- _What you will do_
Repeat each record below exactly, dropping the pictures.

Captioned web images:

◇ ◇ ◇

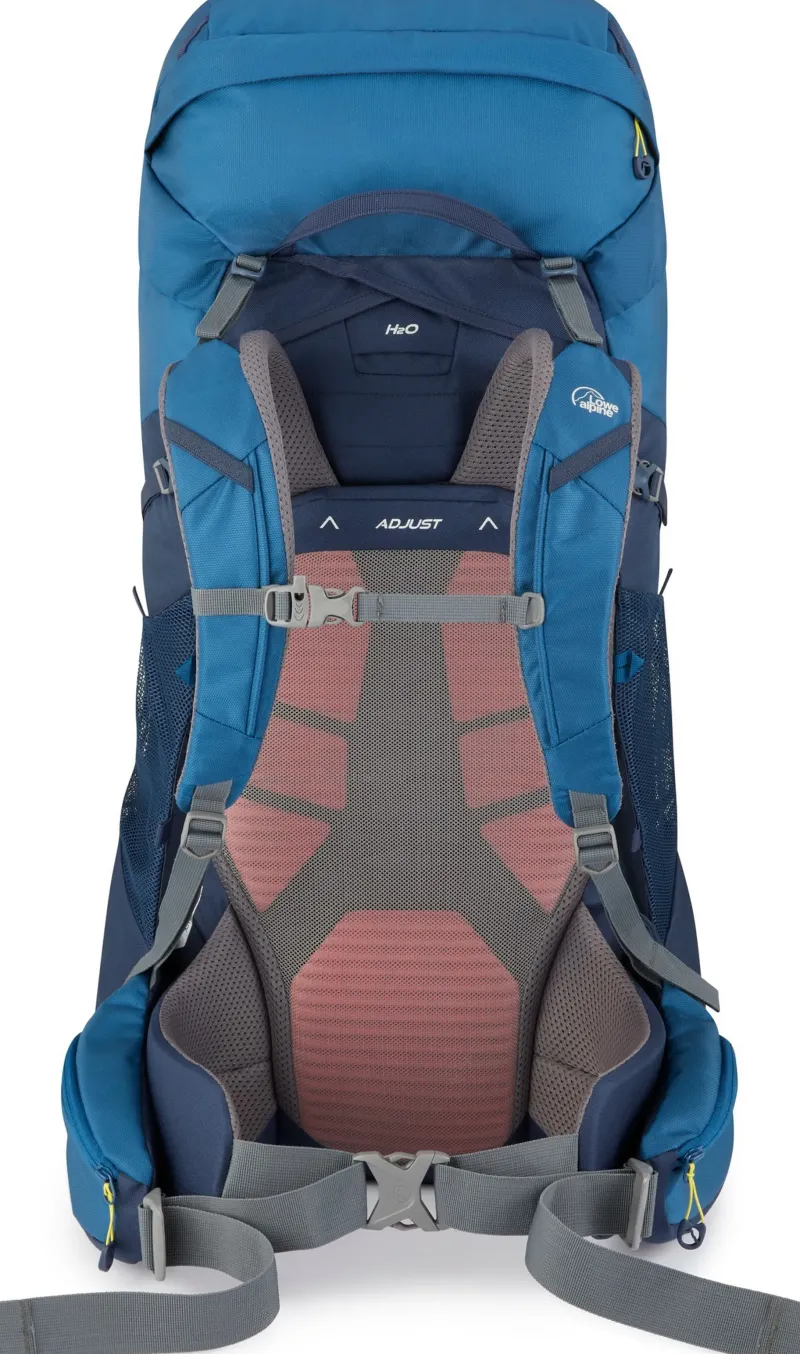 Lowe Alpine Backpacking Packs-Sirac 65 Rucksack - Deep Ink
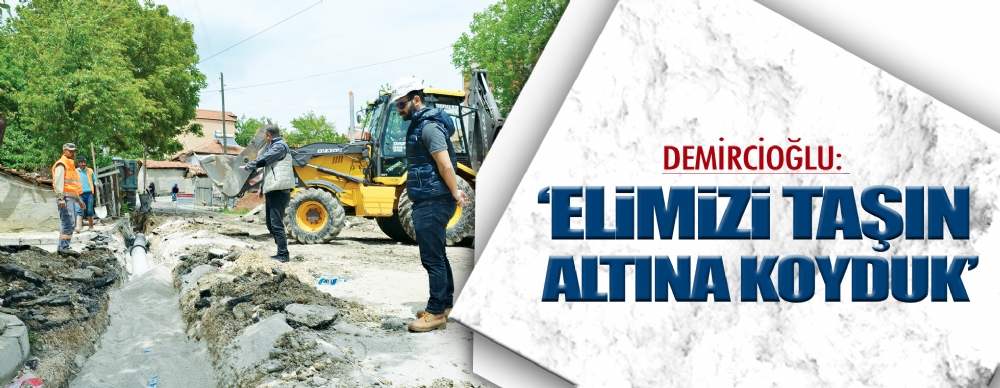 Havza Ve Ladik’e 3 Milyon Liralık Içme Suyu Yatırımı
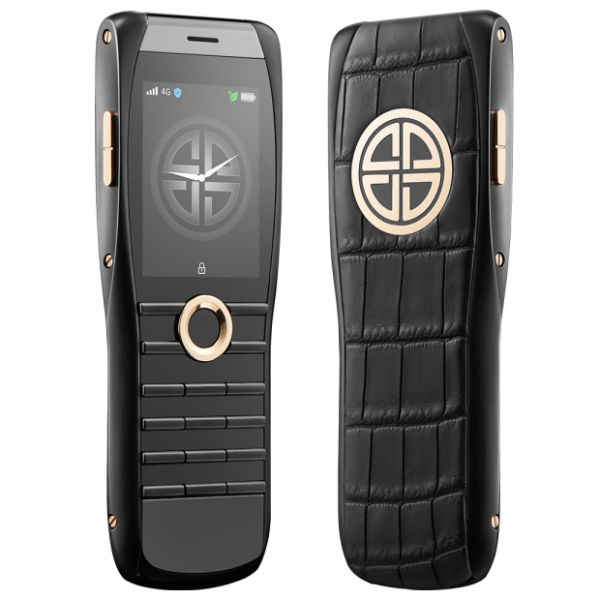 XOR Matte Black Alligator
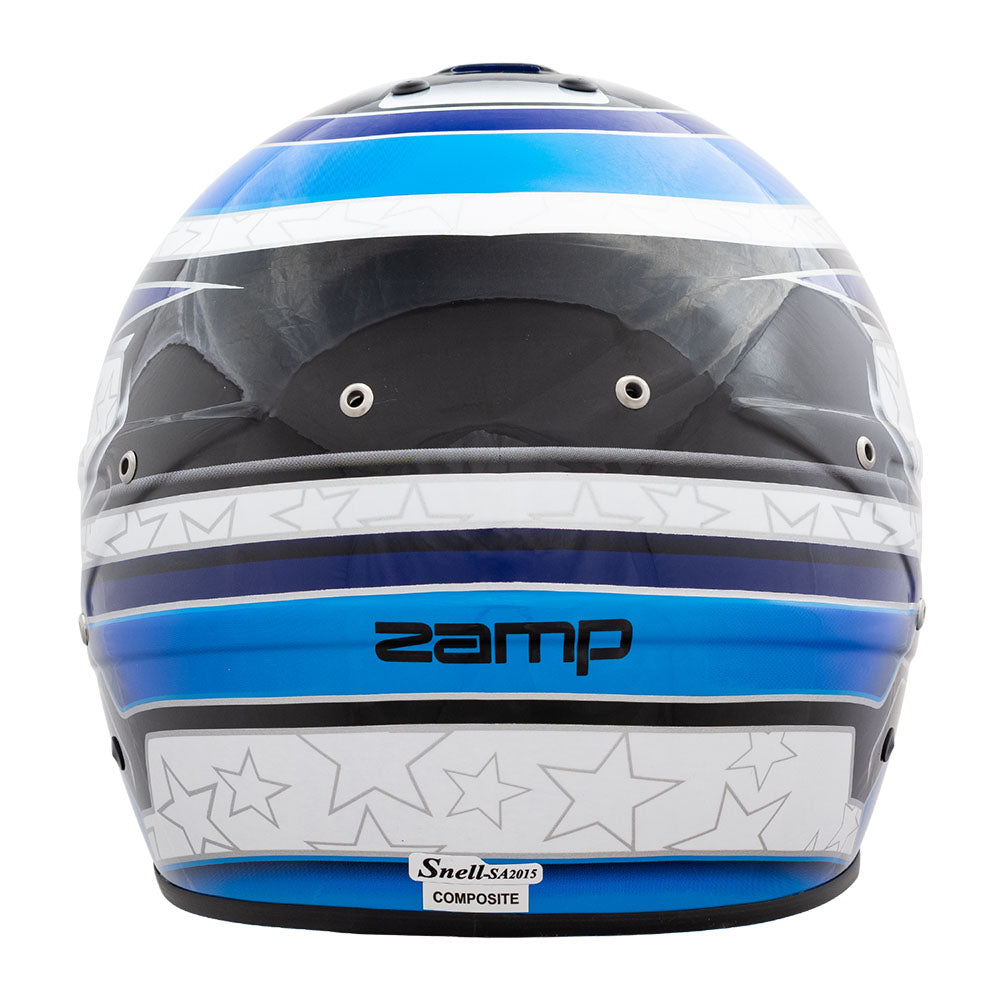 ZAMP RZ-70E Switch Graphic Auto Racing Helmet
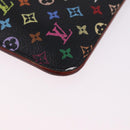 LOUIS VUITTON Monogram Multicolor Pochette Cles NM Purse M60279 LV Auth 193387-11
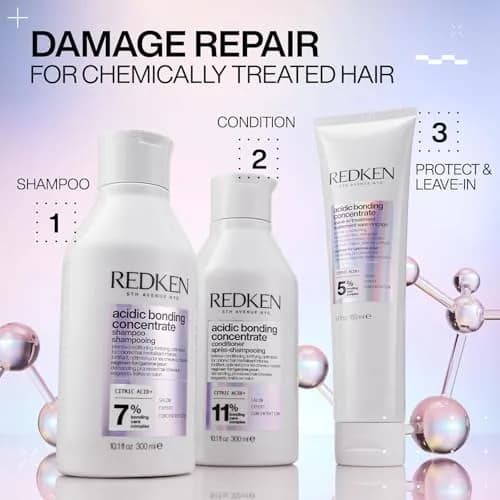 Redken Acidic Bonding Concentrate Conditioner 1000ml (33.8 Fl Oz) | Vegan, Sulfate-Free, Strength Repair thumbnail 6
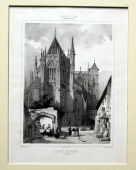 August Mathieu (um 1844), Ratisbonne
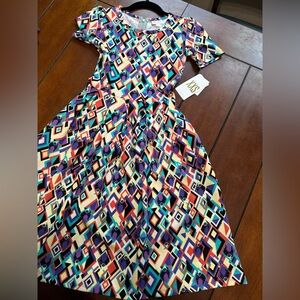 NEW XXS Disney Maleficent Amelia dress by Lularoe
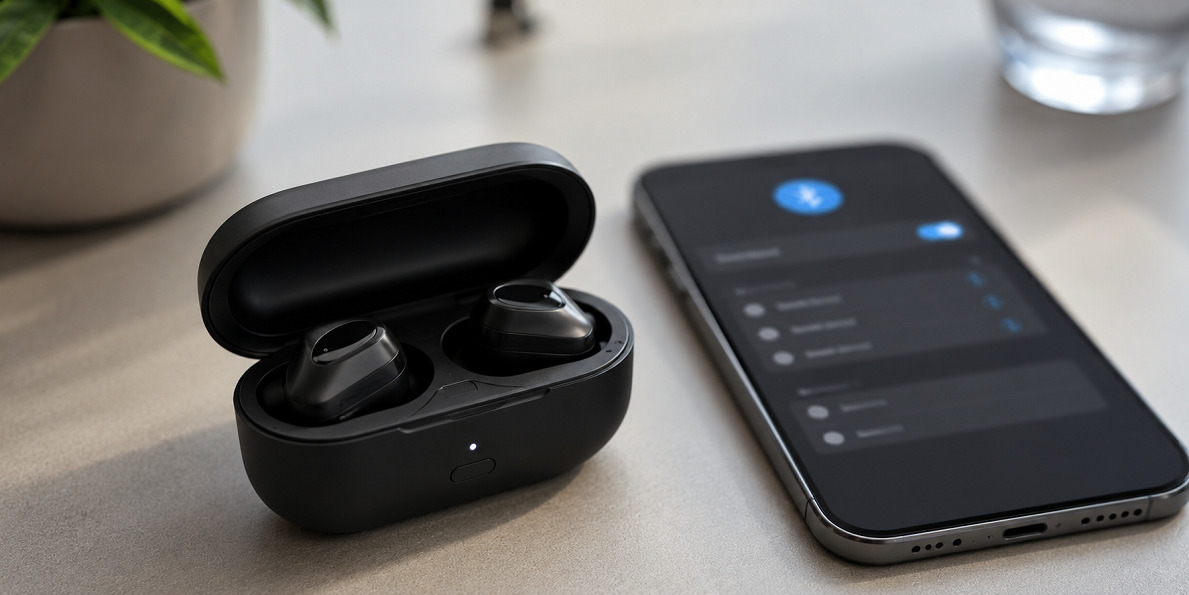 Parkopplingsläge och Bluetooth-lista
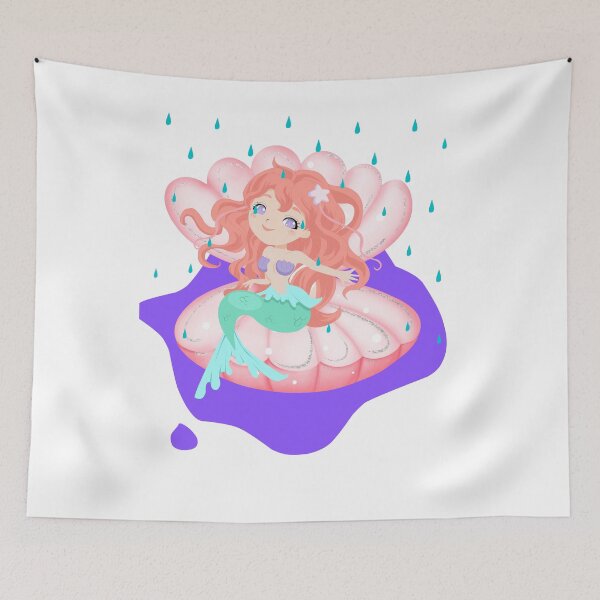 Item preview, Summer and blue rain designed and sold by Ayakhairy.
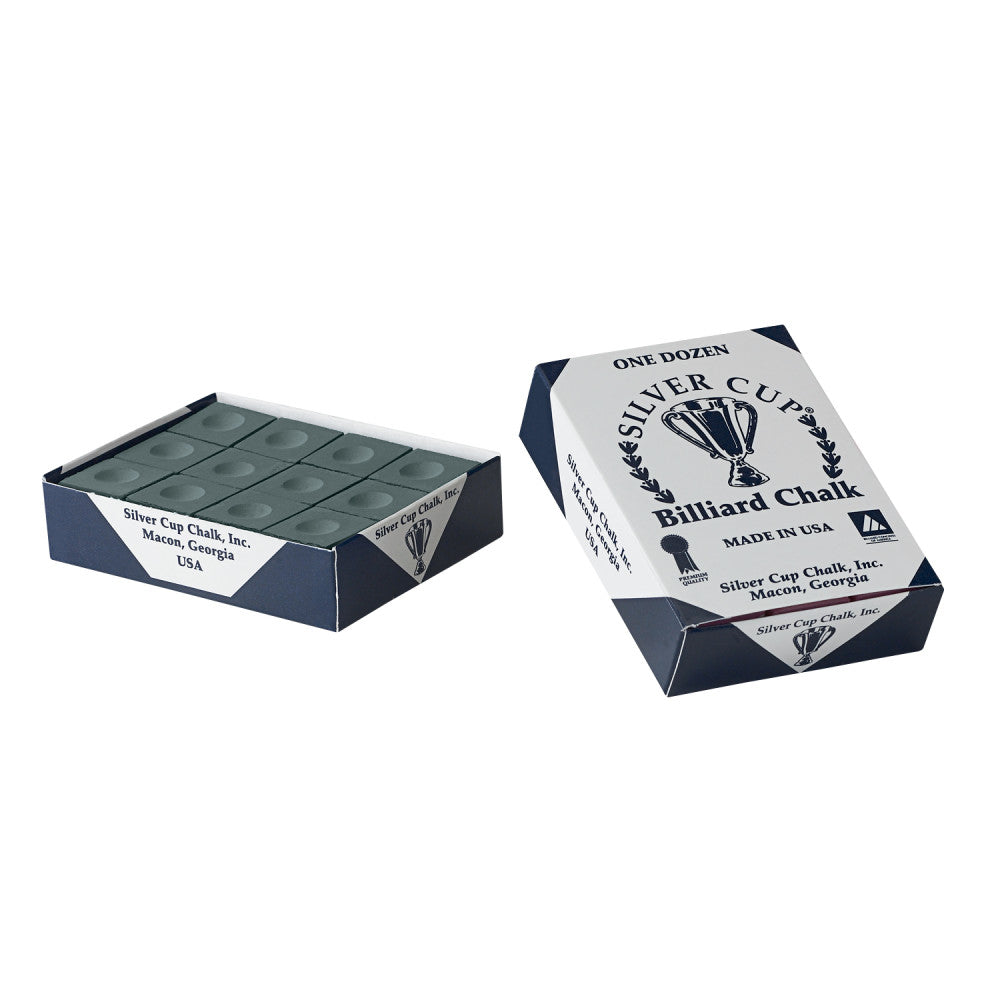 Silver Cup Chalk Dozen (12 pc/box), Spruce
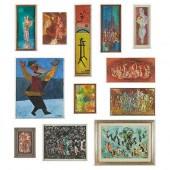 12 ARTWORKS BY IRVING LEHMANIr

◇ ◇ ◇

- _Solution_
 Lowe Alpine Backpacking Packs-Sirac 65 Rucksack - Deep Ink
 Havza Ve Ladik’e 3 Milyon Liralık Içme Suyu Yatırımı
 XOR Matte Black Alligator
 ZAMP RZ-70E Switch Graphic Auto Racing Helmet
 LOUIS VUITTON Monogram Multicolor Pochette Cles NM Purse M60279 LV Auth 193387-11
 Redken Acidic Bonding Concentrate Conditioner 1000ml (33.8 Fl Oz) | Vegan, Sulfate-Free, Strength Repair thumbnail 6
 August Mathieu (um 1844), Ratisbonne
 NEW XXS Disney Maleficent Amelia dress by Lularoe
 Parkopplingsläge och Bluetooth-lista
 Item preview, Summer and blue rain designed and sold by Ayakhairy.
 Silver Cup Chalk Dozen (12 pc/box), Spruce
 12 ARTWORKS BY IRVING LEHMANIr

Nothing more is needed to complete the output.